### WORK ORDER
Look through the records below for the line with "Martini No-Lo Blanco". Return that line and each one after it up to and including the line with "фонарь задний правый", exactly.

Segment Start: DATASET RECORDS

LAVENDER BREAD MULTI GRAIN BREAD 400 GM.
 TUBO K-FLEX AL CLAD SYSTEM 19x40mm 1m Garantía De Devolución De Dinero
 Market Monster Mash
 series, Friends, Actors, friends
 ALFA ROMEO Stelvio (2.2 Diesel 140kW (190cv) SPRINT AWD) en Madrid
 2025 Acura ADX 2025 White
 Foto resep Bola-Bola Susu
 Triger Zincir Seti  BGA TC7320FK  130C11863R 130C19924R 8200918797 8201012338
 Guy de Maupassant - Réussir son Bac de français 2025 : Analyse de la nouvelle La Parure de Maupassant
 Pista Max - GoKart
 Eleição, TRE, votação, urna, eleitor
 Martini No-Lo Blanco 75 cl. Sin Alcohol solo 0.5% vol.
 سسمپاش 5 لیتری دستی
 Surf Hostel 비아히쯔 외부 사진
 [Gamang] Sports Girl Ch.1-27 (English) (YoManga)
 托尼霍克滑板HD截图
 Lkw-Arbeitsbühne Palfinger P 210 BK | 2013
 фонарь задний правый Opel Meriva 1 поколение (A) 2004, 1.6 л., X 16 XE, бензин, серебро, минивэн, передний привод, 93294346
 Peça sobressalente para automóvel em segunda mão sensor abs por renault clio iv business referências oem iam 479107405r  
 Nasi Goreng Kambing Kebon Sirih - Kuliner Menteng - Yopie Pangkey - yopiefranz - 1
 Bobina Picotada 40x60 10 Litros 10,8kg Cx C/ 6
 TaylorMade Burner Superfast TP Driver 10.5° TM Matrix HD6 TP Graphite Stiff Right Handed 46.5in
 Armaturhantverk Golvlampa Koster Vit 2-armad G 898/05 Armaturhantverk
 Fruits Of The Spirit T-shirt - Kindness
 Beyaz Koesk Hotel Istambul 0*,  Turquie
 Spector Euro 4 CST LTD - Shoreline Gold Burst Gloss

Segment End: DATASET RECORDS

### RESULT
 Martini No-Lo Blanco 75 cl. Sin Alcohol solo 0.5% vol.
 سسمپاش 5 لیتری دستی
 Surf Hostel 비아히쯔 외부 사진
 [Gamang] Sports Girl Ch.1-27 (English) (YoManga)
 托尼霍克滑板HD截图
 Lkw-Arbeitsbühne Palfinger P 210 BK | 2013
 фонарь задний правый Opel Meriva 1 поколение (A) 2004, 1.6 л., X 16 XE, бензин, серебро, минивэн, передний привод, 93294346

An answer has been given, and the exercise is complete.